With the increasing down-scaling of integrated circuits, the optical proximity effect posts an increasingly greater problem. When two separate features are too close to each other, the optical proximity effect may cause the features to short to each other. To solve such a problem, double patterning technology is introduced. The closely located features are separated to two masks of a same double-patterning mask set, with both masks used to expose the same photo resist. In each of the masks, the distances between features are increased over the distances between features in the otherwise a single mask, and hence the optical proximity effect is reduced, or substantially eliminated.
FIG. 1 illustrates a flow of a convention double patterning design. Referring to step 110, a layout of an integrated circuit is determined, and a netlist for the layout is provided. The layout and the netlist are fixed since the sizes and the locations of all of the polygons involved in the layout have been determined. With the fixed layout, the possible back-end-of-line (BEOL) variation, which involves the variations of the metal lines in metal layers, can be estimated (step 112). However, the variations are estimated based on the fixed layout, and hence have fixed values. Next, in step 114, (parasitic) capacitance models are established to simulate the performance value of the integrated circuits, which involves calculating capacitances for metal lines by referring to techfiles. Techfiles may store the capacitances of metal lines as the function of the spacings between metal lines, and as a function of the widths of metal lines.

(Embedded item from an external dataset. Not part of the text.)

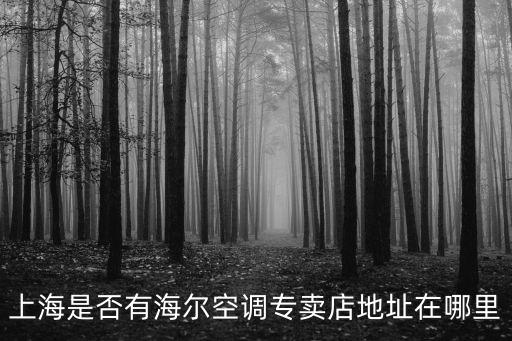上海市海爾電器賣場，上海有海爾專賣店嗎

After the foundary receives the layout design, a layout decomposition is performed to separate the metal lines, for example, according to the double patterning design rules. Lithograph processes are performed to implement the layout on wafers. However, it was found that there was a mismatch between the simulated performance value (step 114) and the performance value measured from the actual wafers. One of the reasons is that when the lithography processes are performed, there may be a relative shift between the two lithography masks of a same double patterning mask. Such shift, however, was not reflected in the estimation of the performance values.